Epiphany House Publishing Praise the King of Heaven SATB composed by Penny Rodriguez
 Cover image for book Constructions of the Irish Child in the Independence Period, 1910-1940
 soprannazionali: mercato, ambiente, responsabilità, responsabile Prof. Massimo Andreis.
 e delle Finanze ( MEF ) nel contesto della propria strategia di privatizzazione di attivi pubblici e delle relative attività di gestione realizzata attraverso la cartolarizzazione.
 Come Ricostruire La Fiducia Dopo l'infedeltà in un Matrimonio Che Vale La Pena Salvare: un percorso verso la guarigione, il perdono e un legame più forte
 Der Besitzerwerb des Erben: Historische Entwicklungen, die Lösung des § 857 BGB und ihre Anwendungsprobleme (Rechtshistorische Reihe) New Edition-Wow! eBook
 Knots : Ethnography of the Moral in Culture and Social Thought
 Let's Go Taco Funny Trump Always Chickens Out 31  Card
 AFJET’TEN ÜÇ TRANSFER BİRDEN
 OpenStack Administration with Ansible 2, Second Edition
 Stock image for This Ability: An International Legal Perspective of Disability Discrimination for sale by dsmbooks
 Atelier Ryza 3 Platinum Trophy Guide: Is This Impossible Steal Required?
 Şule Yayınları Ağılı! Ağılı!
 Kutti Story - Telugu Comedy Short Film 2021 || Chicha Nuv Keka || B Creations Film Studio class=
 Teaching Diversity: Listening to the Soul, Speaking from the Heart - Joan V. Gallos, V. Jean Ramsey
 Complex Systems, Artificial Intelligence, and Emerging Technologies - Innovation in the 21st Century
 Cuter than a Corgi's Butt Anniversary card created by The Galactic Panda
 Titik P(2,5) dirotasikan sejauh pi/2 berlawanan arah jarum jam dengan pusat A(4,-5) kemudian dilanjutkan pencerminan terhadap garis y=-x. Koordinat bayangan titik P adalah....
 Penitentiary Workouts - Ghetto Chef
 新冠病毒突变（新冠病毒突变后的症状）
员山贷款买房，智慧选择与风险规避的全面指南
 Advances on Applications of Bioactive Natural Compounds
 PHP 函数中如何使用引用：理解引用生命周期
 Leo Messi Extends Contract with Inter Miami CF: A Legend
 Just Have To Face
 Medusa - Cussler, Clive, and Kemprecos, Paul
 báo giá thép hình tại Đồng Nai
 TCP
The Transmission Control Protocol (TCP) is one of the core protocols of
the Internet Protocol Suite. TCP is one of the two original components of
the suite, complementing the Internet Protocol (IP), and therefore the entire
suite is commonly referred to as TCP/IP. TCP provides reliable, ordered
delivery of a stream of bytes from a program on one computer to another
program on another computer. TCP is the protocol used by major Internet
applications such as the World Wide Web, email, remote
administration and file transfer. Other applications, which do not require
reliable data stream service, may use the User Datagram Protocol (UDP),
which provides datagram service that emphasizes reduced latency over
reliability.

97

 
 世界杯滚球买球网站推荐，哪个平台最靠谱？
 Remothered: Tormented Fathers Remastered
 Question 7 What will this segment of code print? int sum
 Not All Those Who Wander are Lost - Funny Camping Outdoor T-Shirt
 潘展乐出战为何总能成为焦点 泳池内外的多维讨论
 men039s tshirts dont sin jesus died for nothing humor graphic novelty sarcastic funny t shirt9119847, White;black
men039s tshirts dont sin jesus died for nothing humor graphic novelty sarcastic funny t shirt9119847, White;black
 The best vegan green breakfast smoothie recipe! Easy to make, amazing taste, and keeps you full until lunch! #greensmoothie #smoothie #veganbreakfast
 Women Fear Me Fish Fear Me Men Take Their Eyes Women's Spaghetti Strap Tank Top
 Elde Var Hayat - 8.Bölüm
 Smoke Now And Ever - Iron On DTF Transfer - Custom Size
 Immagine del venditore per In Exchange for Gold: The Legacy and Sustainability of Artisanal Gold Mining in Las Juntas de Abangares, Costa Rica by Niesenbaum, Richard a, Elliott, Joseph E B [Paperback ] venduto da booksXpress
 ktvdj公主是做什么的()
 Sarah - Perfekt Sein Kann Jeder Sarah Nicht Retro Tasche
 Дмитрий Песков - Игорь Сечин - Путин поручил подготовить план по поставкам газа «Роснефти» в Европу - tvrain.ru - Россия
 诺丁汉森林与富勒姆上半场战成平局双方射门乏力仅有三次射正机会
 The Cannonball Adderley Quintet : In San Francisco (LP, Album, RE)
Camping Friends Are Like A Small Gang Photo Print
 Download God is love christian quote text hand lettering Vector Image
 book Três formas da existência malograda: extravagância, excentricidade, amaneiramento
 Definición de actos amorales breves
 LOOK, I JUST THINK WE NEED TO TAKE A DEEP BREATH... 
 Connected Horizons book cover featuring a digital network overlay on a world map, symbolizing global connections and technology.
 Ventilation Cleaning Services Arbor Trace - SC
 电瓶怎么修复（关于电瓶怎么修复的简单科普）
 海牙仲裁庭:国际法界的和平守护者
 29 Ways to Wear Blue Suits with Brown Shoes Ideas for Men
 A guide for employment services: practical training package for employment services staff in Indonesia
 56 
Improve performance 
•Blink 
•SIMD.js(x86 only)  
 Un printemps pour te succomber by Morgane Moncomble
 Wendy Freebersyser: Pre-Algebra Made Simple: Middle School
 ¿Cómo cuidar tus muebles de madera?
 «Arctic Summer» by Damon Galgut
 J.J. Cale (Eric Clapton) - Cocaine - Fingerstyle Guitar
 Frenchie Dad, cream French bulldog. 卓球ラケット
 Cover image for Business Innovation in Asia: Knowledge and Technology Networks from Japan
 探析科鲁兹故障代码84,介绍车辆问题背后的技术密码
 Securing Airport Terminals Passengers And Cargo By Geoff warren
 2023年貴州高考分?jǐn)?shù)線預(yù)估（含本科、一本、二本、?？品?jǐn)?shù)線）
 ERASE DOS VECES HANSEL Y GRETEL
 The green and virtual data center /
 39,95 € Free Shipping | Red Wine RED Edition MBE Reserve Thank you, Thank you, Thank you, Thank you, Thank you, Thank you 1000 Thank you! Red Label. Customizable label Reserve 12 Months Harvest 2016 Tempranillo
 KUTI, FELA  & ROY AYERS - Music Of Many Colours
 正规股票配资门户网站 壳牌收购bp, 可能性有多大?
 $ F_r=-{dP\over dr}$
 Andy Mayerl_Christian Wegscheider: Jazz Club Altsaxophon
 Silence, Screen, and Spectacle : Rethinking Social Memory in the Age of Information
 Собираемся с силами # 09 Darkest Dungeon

○ ○ ○ ○ ○

== WHAT THE TASK REQUIRES ==
The lines needed are the ones from the first line of the entries through the line that contains "Complex Systems, Artificial", given again without any change.

== RESULT FOR THIS EXERCISE ==
Epiphany House Publishing Praise the King of Heaven SATB composed by Penny Rodriguez
 Cover image for book Constructions of the Irish Child in the Independence Period, 1910-1940
 soprannazionali: mercato, ambiente, responsabilità, responsabile Prof. Massimo Andreis.
 e delle Finanze ( MEF ) nel contesto della propria strategia di privatizzazione di attivi pubblici e delle relative attività di gestione realizzata attraverso la cartolarizzazione.
 Come Ricostruire La Fiducia Dopo l'infedeltà in un Matrimonio Che Vale La Pena Salvare: un percorso verso la guarigione, il perdono e un legame più forte
 Der Besitzerwerb des Erben: Historische Entwicklungen, die Lösung des § 857 BGB und ihre Anwendungsprobleme (Rechtshistorische Reihe) New Edition-Wow! eBook
 Knots : Ethnography of the Moral in Culture and Social Thought
 Let's Go Taco Funny Trump Always Chickens Out 31  Card
 AFJET’TEN ÜÇ TRANSFER BİRDEN
 OpenStack Administration with Ansible 2, Second Edition
 Stock image for This Ability: An International Legal Perspective of Disability Discrimination for sale by dsmbooks
 Atelier Ryza 3 Platinum Trophy Guide: Is This Impossible Steal Required?
 Şule Yayınları Ağılı! Ağılı!
 Kutti Story - Telugu Comedy Short Film 2021 || Chicha Nuv Keka || B Creations Film Studio class=
 Teaching Diversity: Listening to the Soul, Speaking from the Heart - Joan V. Gallos, V. Jean Ramsey
 Complex Systems, Artificial Intelligence, and Emerging Technologies - Innovation in the 21st Century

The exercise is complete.